»»

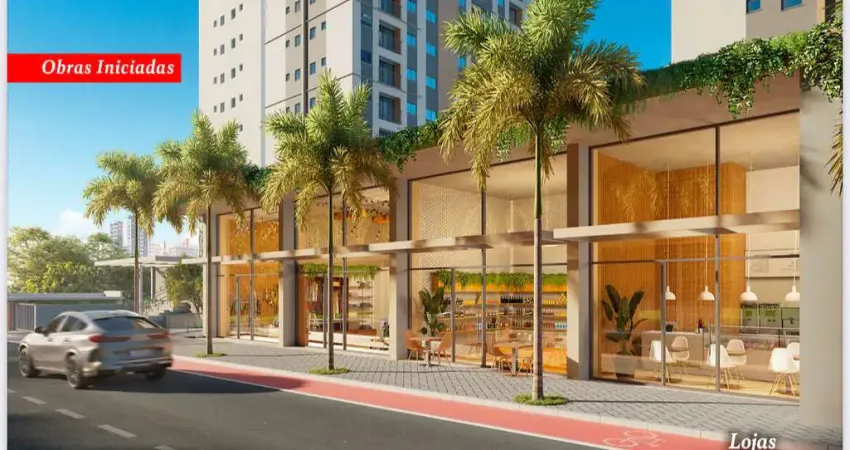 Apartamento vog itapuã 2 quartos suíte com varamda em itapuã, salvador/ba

««
»»

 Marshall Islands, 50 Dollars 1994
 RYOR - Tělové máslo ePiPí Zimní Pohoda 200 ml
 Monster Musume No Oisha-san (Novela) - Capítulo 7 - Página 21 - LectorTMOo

««
»»

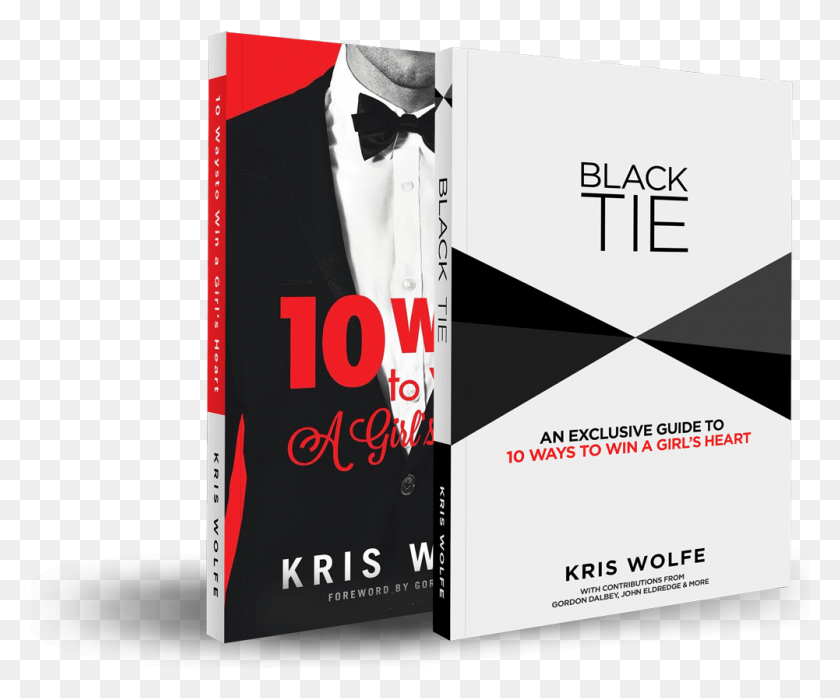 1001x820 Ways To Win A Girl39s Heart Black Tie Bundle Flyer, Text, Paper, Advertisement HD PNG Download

««

### WORK TO BE COMPLETED
Lines to set down from above: the line with "RYOR - Tělové", the line with "Monster Musume No", and every line between, each exactly as written.

### TASK ANSWER
 RYOR - Tělové máslo ePiPí Zimní Pohoda 200 ml
 Monster Musume No Oisha-san (Novela) - Capítulo 7 - Página 21 - LectorTMOo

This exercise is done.